[Collected data entries]
+ + + + + + +
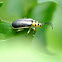 Groundselbush Beetle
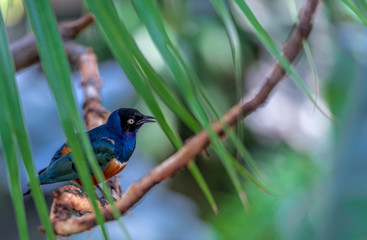 Deep Blue, Orange, and White Plumage on a Superb Starling Perched Behind Tropical greenery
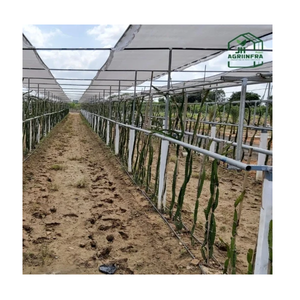 Sistema de Enrejado con Malla de Sombreado para Huertos de Pitahaya, Estructura de Soporte Duradera y de Alta Resistencia con Protección UV - Product Image 2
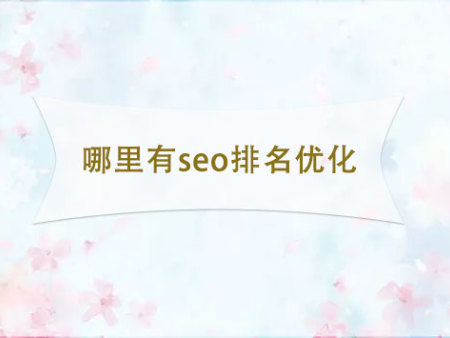 哪里有seo排名优化?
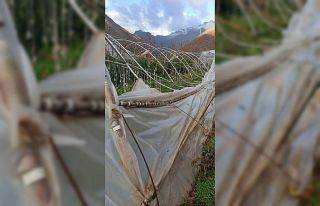 Hakkari’de rüzgar seralara zarar verdi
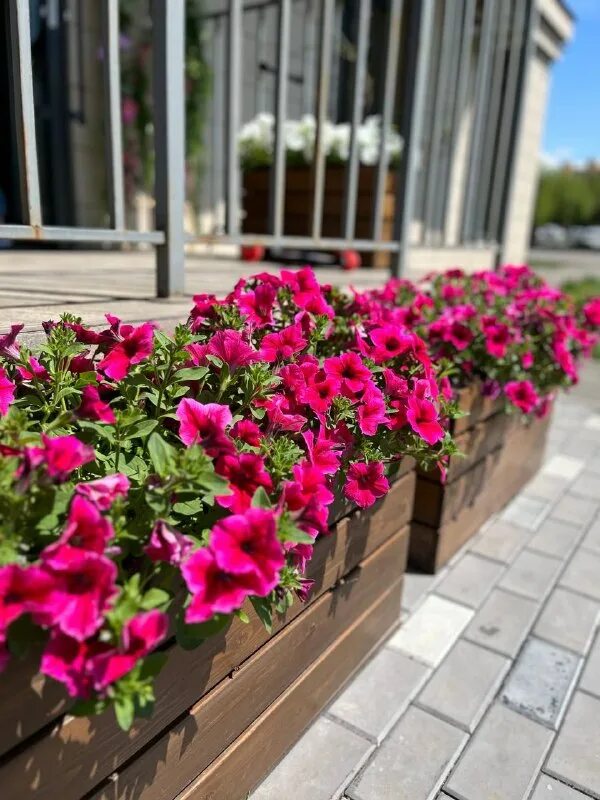 Тюльпановые поля в калининградской области. Цветущая поляна советская гавань. Гавань цветок. Стамбул тюльпаны фото. Цветущая поляна советская.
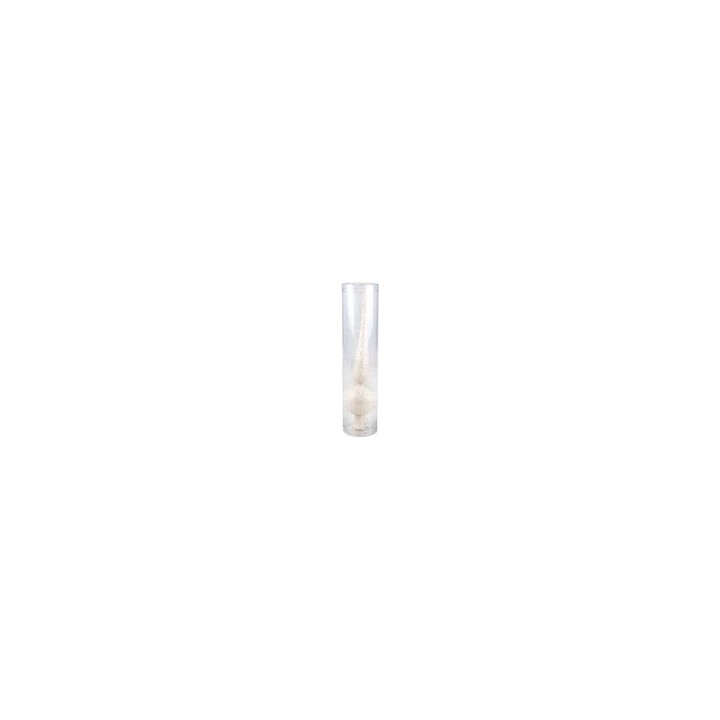 A clear cylindrical vase with a textured white interior resembling a shell.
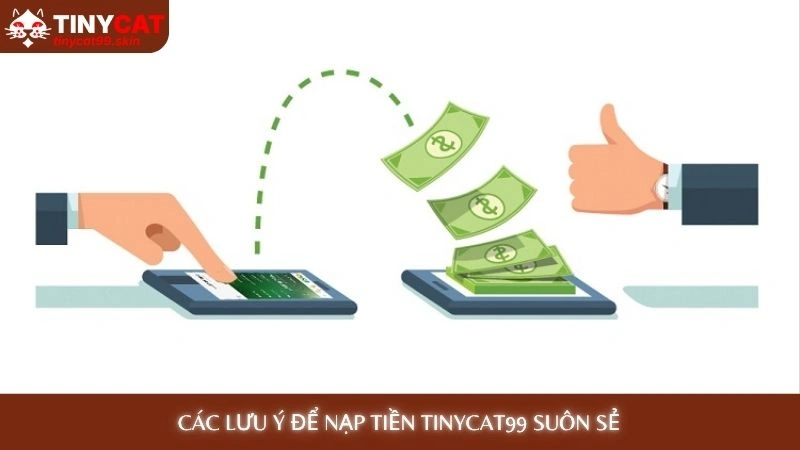 Các lưu ý để nạp tiền Tinycat99 suôn sẻ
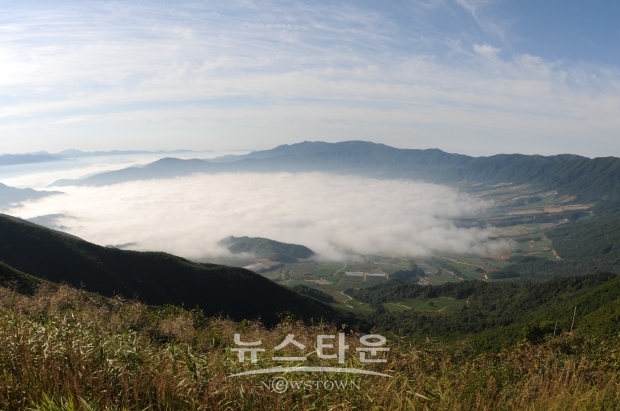 펀치볼 전경
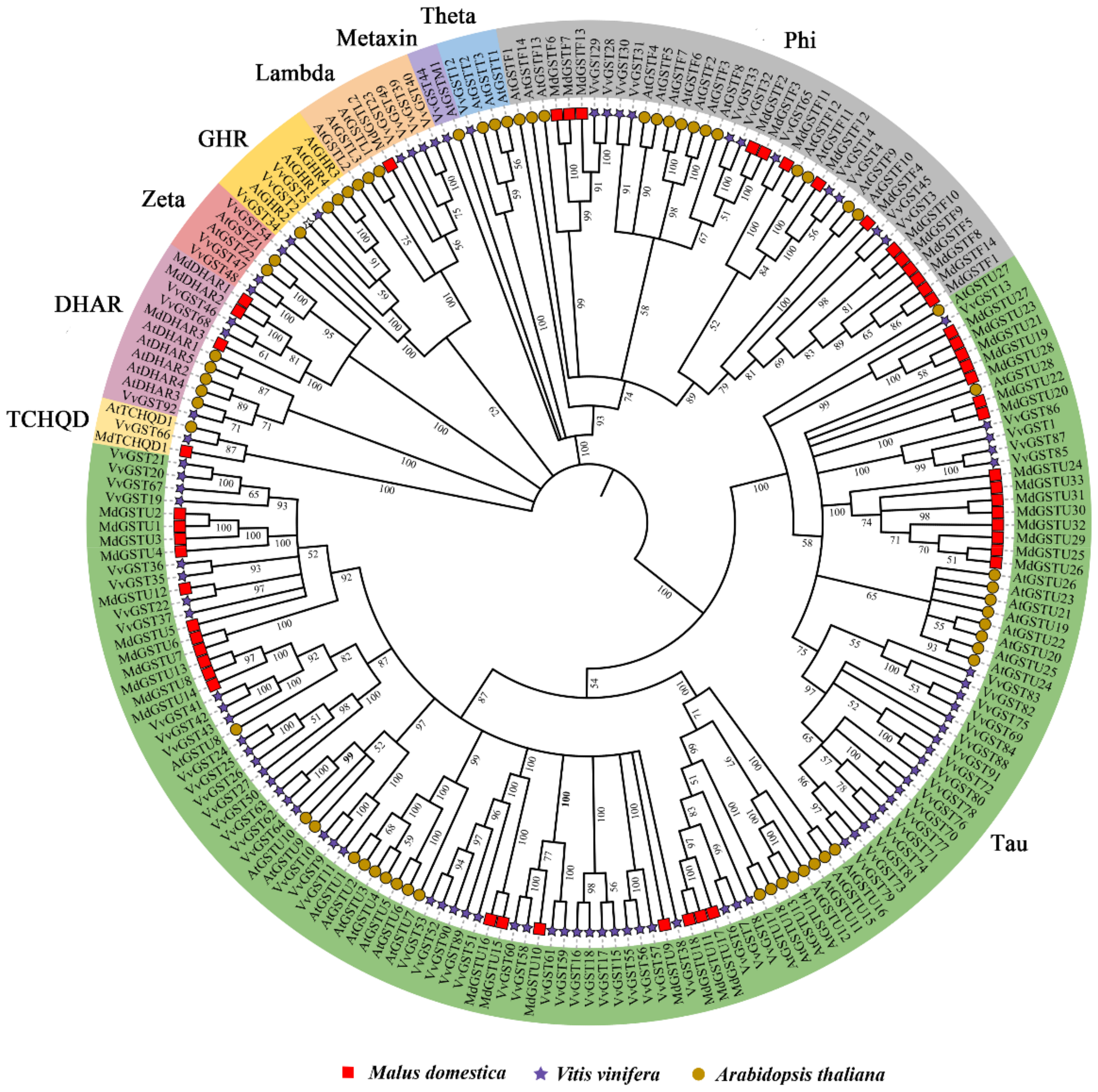 Ijms 23 07717 g001 Ijms 23 07717 g001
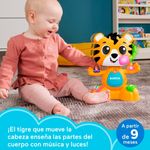Banda-Animal-Tin-el-Tigre_1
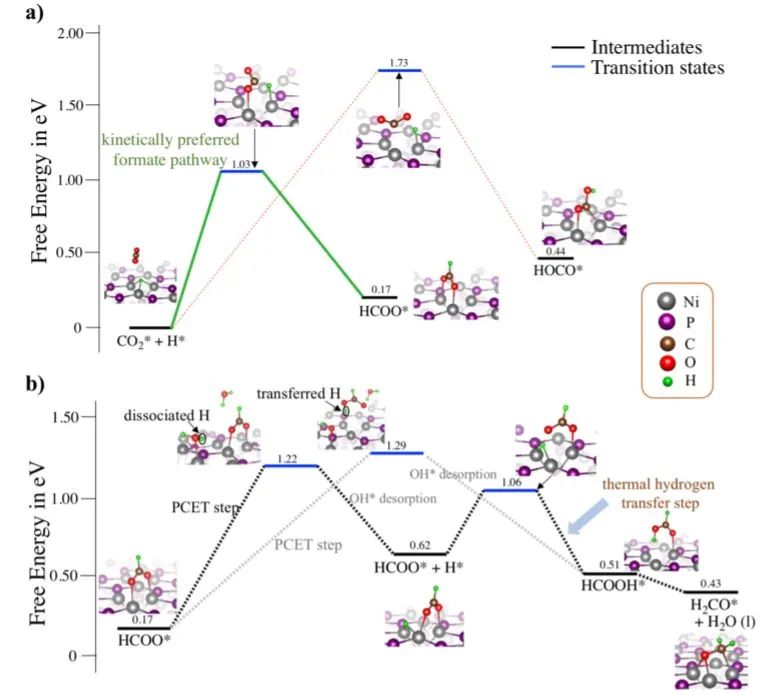 催化頂刊集錦：ACS Catalysis、Small、Nano Energy、NML、Appl. Catal. B.等成果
+ + + + + + +
- Exercise brief
I would like an exact copy of the lines from the one holding "Banda-Animal-Tin-el-Tigre_1" through the last line of the entries above, with the pictures left out.

- Task solution
Banda-Animal-Tin-el-Tigre_1
 催化頂刊集錦：ACS Catalysis、Small、Nano Energy、NML、Appl. Catal. B.等成果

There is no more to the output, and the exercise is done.